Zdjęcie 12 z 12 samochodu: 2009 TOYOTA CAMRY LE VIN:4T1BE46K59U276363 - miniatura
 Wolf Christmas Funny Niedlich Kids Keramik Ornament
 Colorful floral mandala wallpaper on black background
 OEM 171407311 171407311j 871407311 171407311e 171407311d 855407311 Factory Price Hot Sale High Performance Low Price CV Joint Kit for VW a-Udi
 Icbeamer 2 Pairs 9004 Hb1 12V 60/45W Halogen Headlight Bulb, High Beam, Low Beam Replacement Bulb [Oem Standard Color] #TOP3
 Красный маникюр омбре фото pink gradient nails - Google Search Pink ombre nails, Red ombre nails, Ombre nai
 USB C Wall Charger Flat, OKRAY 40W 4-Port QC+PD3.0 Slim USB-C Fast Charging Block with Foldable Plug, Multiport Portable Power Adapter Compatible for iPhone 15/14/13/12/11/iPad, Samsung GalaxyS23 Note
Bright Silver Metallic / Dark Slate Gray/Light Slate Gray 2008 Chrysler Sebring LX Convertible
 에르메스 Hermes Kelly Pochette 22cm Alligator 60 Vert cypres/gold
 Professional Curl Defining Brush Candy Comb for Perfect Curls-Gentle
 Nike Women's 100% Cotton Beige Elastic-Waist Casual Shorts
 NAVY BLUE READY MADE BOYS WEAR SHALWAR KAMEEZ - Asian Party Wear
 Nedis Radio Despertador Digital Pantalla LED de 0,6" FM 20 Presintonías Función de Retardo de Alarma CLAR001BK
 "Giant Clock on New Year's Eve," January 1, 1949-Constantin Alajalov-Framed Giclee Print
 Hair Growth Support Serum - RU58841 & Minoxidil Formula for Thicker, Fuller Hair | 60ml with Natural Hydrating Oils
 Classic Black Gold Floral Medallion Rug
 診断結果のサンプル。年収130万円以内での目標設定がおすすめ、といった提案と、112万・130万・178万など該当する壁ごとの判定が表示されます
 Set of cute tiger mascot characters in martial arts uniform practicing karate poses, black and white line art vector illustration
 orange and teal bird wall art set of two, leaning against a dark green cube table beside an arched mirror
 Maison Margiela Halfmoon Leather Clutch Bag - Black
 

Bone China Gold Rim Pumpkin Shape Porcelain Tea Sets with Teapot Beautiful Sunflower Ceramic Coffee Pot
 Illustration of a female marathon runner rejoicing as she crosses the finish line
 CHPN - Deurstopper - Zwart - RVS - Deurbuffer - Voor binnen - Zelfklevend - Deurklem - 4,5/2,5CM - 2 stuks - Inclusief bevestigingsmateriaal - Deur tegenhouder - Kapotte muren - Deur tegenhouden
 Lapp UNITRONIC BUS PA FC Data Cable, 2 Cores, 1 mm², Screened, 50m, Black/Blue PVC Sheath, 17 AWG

# # # # # # #

PROBLEM STATEMENT> Write out exactly the lines that fall from the line with "USB C Wall Charger" to the line with "Professional Curl Defining" in the records above, keeping both ends.

RESPONSE FOR THIS EXERCISE>
 USB C Wall Charger Flat, OKRAY 40W 4-Port QC+PD3.0 Slim USB-C Fast Charging Block with Foldable Plug, Multiport Portable Power Adapter Compatible for iPhone 15/14/13/12/11/iPad, Samsung GalaxyS23 Note
Bright Silver Metallic / Dark Slate Gray/Light Slate Gray 2008 Chrysler Sebring LX Convertible
 에르메스 Hermes Kelly Pochette 22cm Alligator 60 Vert cypres/gold
 Professional Curl Defining Brush Candy Comb for Perfect Curls-Gentle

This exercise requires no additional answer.